参院選、地方紙の評価は…その1

琉球新報より抜粋
自公参院選圧勝 より謙虚な政権運営を 県内移設は撤回のとき
2013年7月22日
 第2次安倍内閣発足後、初の参院選自民党が圧勝した。自民、公明両党が非改選を含めた過半数(122議席)を確保、参院で野党が多数を占める「ねじれ国会」は解消される。安倍晋三首相は衆参で安定多数を得たからこそ、より謙虚に政権運営に努めるべきだ。
 自民公認・推薦候補が全国各地で勝利する中、沖縄選挙区は憲法改正や米軍普天間飛行場の名護市辺野古移設などに反対する現職の糸数慶子氏が当選した。政権与党は沖縄の民意をしっかり受け止め、県内移設の日米合意見直しに本腰を入れて取り組むべきだ。
沖縄に民主主義を
 普天間飛行場の返還問題に対する沖縄の民意は明解だ。糸数氏も、自公が推した安里政晃氏も県内移設に一貫して反対した。最新の琉球新報世論調査でも74%が県内移設にノーの意思を示した。
 自民党本部は、自民県連の「県外移設」の意向を無視して、党公約に辺野古移設を明記した。政権与党は、沖縄の民意や自然環境の保護を求める世界潮流も直視し、日米合意の破綻を悟るべきだ
 繰り返し指摘してきたが、県知事や県議会、県下41市町村の全首長、全市町村議会が辺野古移設に反対している。民主的手続きを一顧だにしないのはアンフェアであり、民主国家とは言えない。日米は民主主義、基本的人権の尊重を共通の価値観だと盛んに喧伝(けんでん)する。ならば、沖縄にもその民主主義をきちんと適用してもらいたい。

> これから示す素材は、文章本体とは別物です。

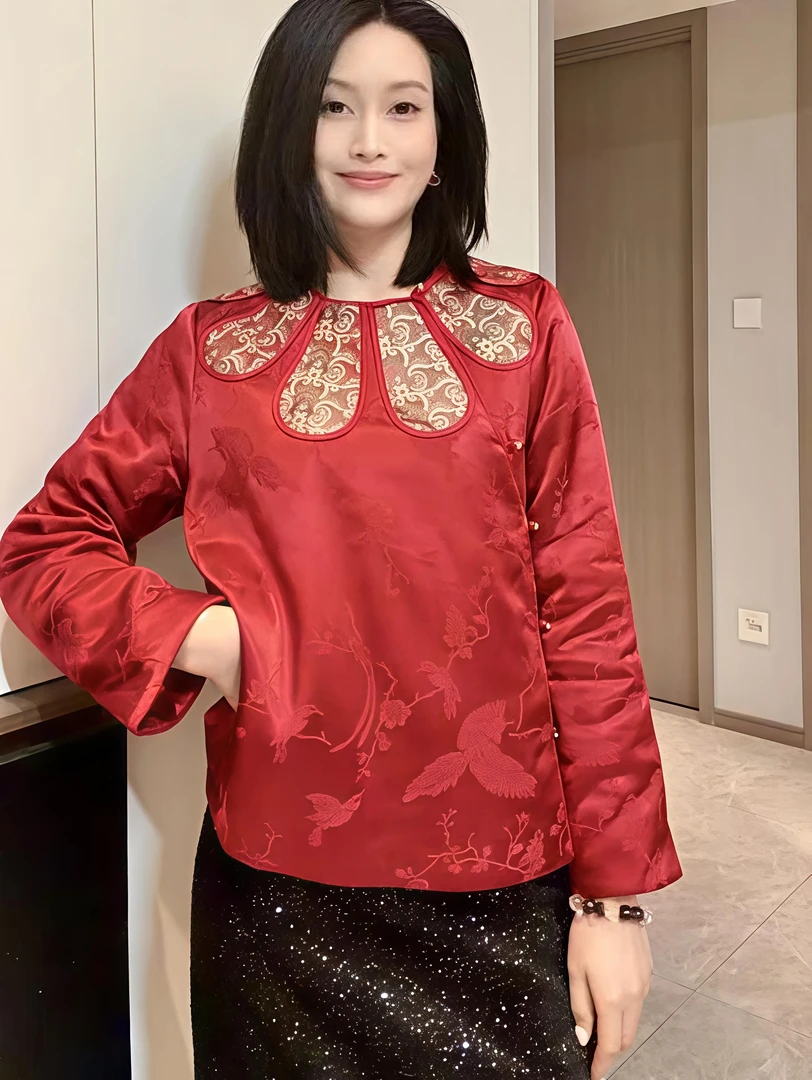 【新年红云肩】新年服人丝提花上衣加棉新中式复古经典国风新春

 尖閣諸島竹島の領有権問題では、中国、韓国と対立したままだが、そろそろ首相自ら問題解決に乗り出すべきだ。その場合、武力による解決は国際法上も禁じられており、選択肢になり得ない。
 安倍首相は領土ナショナリズムの沈静化に努めつつ、尖閣竹島問題の平和的解決に向けて中韓首脳に会談を働きかけるなどリーダーシップを発揮してほしい。「戦争宰相」ではなく、「平和宰相」として名を残してもらいたい。